Augusta helps wounded warriors

  • Follow Opinion columns

I am grateful for the opportunity to answer questions some in our community have raised about the CSRA Wounded Warrior Care Project, our mission and what we hope to accomplish.


The CSRA Wounded Warrior Care Project is a fully funded local initiative to explore ways the Augusta area might better serve wounded warriors and their families. At the heart of our mission is an interest to serve the men and women who return from Iraq and Afghanistan with wounds and injuries, both of the type we can see and of the type we cannot see. Our troops returning from these war zones come home with physical, mental, emotional and spiritual needs that should be met with the best care available. The CSRA Wounded Warrior Care Project is exploring ways Augusta might direct, redirect and expand its capacities to provide that care.


Some have wondered if we have any connection to another organization, the Wounded Warrior Project, based in Jacksonville, Fla. We are in no way affiliated with them, but we have been in contact with their group. We support and applaud their efforts to take better care of our nation's wounded warriors, and we have been very encouraged by our initial conversation with their national policy advisor, and I am planning on meeting with another staff member next week. We look forward to learning how we might work together when it comes to improving the local care of wounded warriors. As I understand it, their goals and ours are not in any way opposed.

We are not raising money, but we know of organizations that are. Augusta's Uptown VA is currently No. 8 on a list of approved Fisher House projects. The national Fisher House Foundation has committed $1.8 million toward the $3.6 million project, which will be home to 21 families of wounded warriors. The construction of this second Fisher House for Augusta (the first one is home to seven families at Fort Gordon, and has a 98 percent occupancy rate) is critical to the care of wounded warriors as we know people heal quicker when surrounded by people they love.


When we first started investigating what our community already is doing to help the wounded warriors, we found an extremely successful and unique collaboration between Eisenhower Army Medical Center and the Uptown VA. The Active Duty Rehabilitation Unit at the Uptown VA is the nation's only facility of its kind within a Veterans Administration facility, and is a shining example of an existing effort that does indeed deliver the gold standard of care our wounded warriors deserve.


However, as former U.S. Rep. Doug Barnard and I - along with others enlisted in our efforts - have discovered, the Active Duty Rehabilitation Unit was built with 60 beds, but currently only half of those beds are funded or being used.

When we discovered that a U.S. Army specialist from Camden, S.C., who had lost her leg in an IED blast in Iraq had to wait at Walter Reed for physical therapy, we wondered why some of the wounded warriors crowded into that facility in Washington, D.C., might not be brought to Augusta for treatment and healing. This same specialist arrived at the Active Duty Rehabilitation Unit on a walker, and within three weeks was on her prosthetic leg full time. She is now preparing to run in the Army 10-miler.


This specialist is not the only success story at the Uptown VA. More than 400 active duty personnel have been treated by the unit on an in-patient basis, and more than a thousand have received treatment as outpatients.


We contacted U.S. Sen.

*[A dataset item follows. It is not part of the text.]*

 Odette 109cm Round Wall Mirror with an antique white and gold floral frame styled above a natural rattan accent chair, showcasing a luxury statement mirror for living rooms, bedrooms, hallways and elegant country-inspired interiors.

Johnny Isakson's office in March and began working with them on what we could do to raise awareness about Augusta's current work with wounded warriors. We were honored that Sen. Isakson brought the Senate Veterans Affairs Committee to Augusta for a field hearing. It was at this hearing on Aug. 28 that we heard over and over that the Active Duty Rehab Unit delivers the best and most aggressive therapy available.

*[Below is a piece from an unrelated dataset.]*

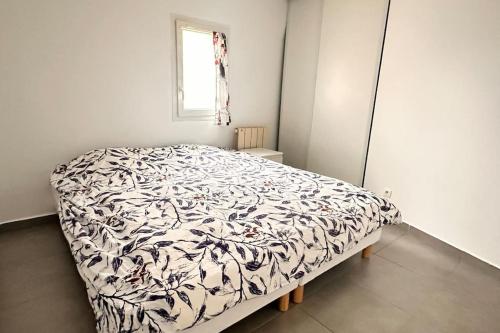 une chambre avec un lit avec une couverture noire et blanche dans l'établissement Bel appartement proche Paris et Disney, à Sucy-en-Brie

Spc. Jason Capps testified that after he was injured in a bomb blast in Iraq, his wife, who works at a VA in Oklahoma, told him he must go to Augusta's ADRU because he would receive the top-notch care and resources that were available. Spc. Capps praised the care and compassion he gets in Augusta, and said every soldier deserves the same.

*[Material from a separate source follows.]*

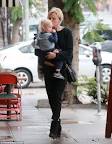 Make-up free Malin Akerman dotes on son Sebastian as she braves.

Augusta is unique not only because of the Active Duty Rehab Unit. We are also home to the Army's Southeast Medical Command, located at Eisenhower Army Medical Center. Brig. Gen. Eric Schoomaker, commanding general of Walter Reed and former commander at Eisenhower, testified at the hearing in Augusta that the sharing of resources, as happens between Eisenhower and our two other VA facilities, is the most cost-effective way to deliver care. He called on the leaders in Congress, the Department of Defense and the Veterans Administration to see to it that those who are so deserving always have the best medical care possible when and where they need it.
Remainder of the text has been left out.